- [What is expected]
Look through the entries below and extract exactly the lines from the one containing "That Girl - iPhone 14 Case 5" through the one containing "Ceydabaddie nude photo 1", ends included.

Source records Start Marker

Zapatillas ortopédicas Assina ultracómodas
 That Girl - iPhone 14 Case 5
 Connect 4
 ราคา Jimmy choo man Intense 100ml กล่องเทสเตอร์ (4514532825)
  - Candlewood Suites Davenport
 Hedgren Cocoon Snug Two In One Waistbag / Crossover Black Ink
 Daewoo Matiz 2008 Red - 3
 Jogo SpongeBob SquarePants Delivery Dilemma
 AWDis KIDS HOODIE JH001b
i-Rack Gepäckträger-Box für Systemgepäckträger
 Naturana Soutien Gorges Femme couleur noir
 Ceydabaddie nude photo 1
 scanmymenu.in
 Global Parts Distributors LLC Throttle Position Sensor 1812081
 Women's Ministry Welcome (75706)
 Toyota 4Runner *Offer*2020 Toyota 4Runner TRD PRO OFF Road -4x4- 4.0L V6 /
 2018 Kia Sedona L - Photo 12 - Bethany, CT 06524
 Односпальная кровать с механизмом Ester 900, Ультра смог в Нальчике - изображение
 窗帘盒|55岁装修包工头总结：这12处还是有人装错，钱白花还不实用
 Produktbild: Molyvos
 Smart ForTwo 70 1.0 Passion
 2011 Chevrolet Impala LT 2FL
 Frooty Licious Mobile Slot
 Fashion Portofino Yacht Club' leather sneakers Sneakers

Source records End Marker

- [Result]
 That Girl - iPhone 14 Case 5
 Connect 4
 ราคา Jimmy choo man Intense 100ml กล่องเทสเตอร์ (4514532825)
  - Candlewood Suites Davenport
 Hedgren Cocoon Snug Two In One Waistbag / Crossover Black Ink
 Daewoo Matiz 2008 Red - 3
 Jogo SpongeBob SquarePants Delivery Dilemma
 AWDis KIDS HOODIE JH001b
i-Rack Gepäckträger-Box für Systemgepäckträger
 Naturana Soutien Gorges Femme couleur noir
 Ceydabaddie nude photo 1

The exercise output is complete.